[Records supplied]
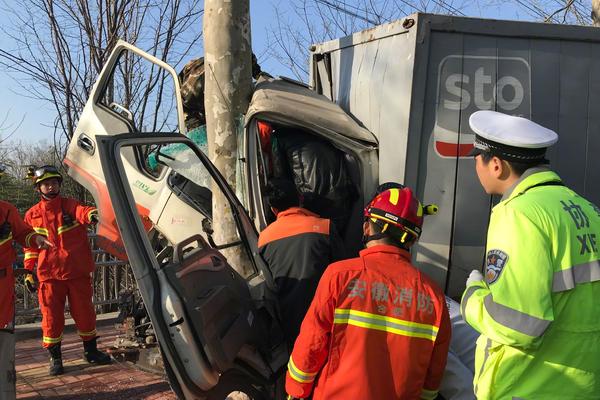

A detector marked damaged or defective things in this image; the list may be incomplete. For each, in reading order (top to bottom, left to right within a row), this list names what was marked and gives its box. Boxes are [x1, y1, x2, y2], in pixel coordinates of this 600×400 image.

crashed truck cab [65, 39, 380, 398]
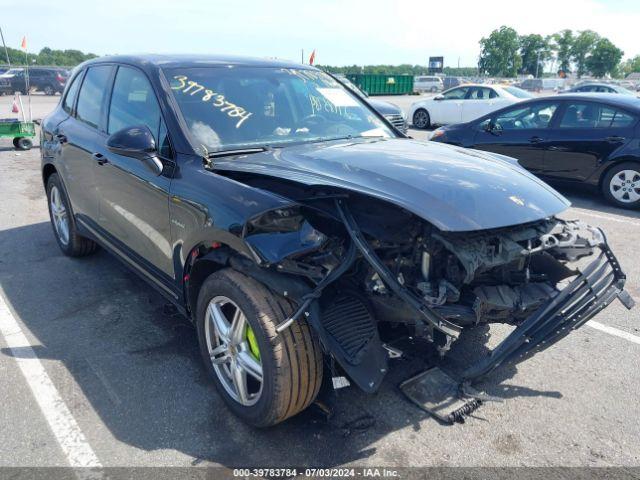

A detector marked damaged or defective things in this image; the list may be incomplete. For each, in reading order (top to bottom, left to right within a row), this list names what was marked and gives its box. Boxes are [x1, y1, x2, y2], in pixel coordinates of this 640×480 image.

crumpled hood [215, 138, 568, 232]
severe front damage [202, 139, 632, 424]
destroyed front bumper [402, 232, 632, 424]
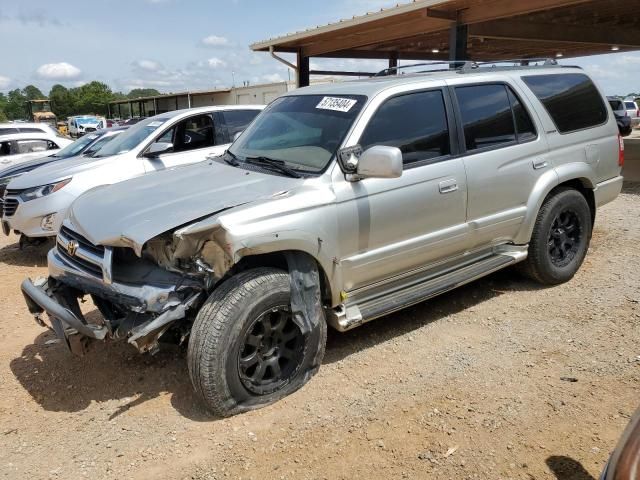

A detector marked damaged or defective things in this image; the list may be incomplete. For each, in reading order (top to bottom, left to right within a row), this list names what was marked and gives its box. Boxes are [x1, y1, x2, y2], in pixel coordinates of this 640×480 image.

crumpled hood [9, 153, 121, 188]
crumpled hood [69, 162, 298, 251]
damaged front end [21, 226, 212, 356]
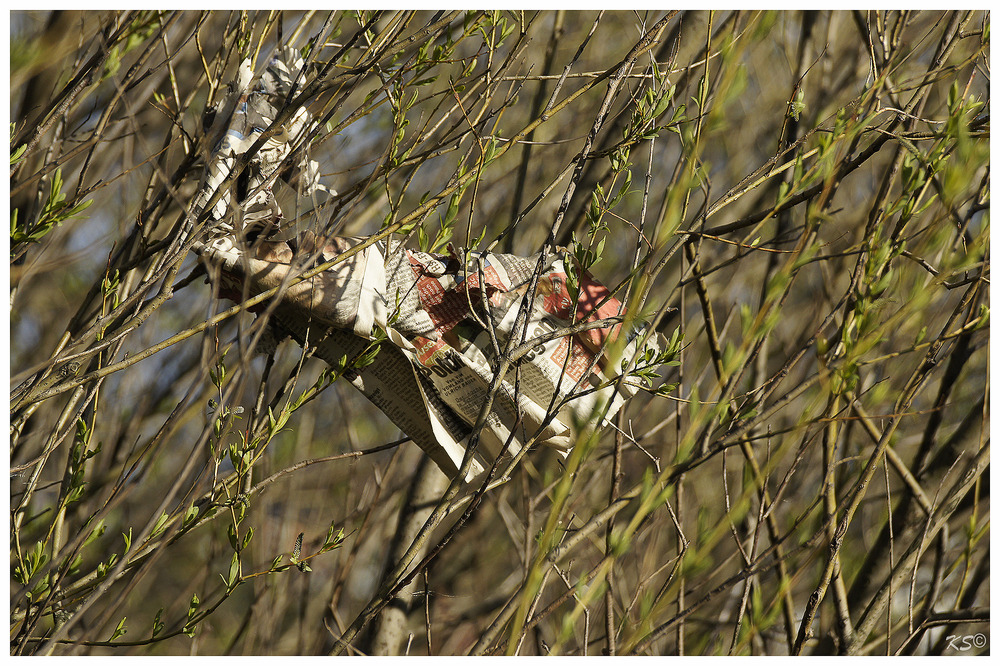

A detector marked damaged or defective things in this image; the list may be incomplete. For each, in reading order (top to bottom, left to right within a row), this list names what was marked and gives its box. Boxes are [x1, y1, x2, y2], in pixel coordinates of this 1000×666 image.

torn newspaper edge [194, 46, 664, 474]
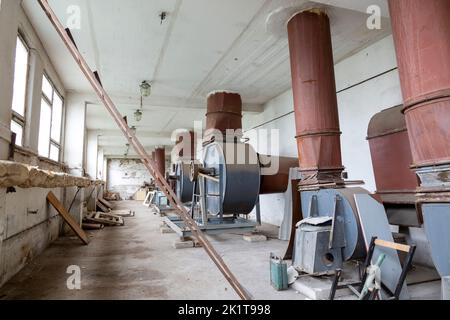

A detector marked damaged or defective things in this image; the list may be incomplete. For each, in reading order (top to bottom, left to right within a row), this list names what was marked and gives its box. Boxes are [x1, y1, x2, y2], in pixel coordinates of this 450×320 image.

peeling paint on wall [107, 158, 153, 200]
rusted vertical pipe [207, 92, 243, 133]
rusted vertical pipe [288, 10, 344, 185]
rusty metal ventilation duct [288, 10, 344, 185]
rusted vertical pipe [386, 0, 450, 169]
[/Records supplied]
> _Your goal_
Set down nothing but the lines from the one containing "this 450×320 image." through the final line above, exactly as written.

> _Response below_
A detector marked damaged or defective things in this image; the list may be incomplete. For each, in reading order (top to bottom, left to right within a row), this list names what was marked and gives its box. Boxes are [x1, y1, x2, y2], in pixel coordinates of this 450×320 image.

peeling paint on wall [107, 158, 153, 200]
rusted vertical pipe [207, 92, 243, 133]
rusted vertical pipe [288, 10, 344, 185]
rusty metal ventilation duct [288, 10, 344, 185]
rusted vertical pipe [386, 0, 450, 169]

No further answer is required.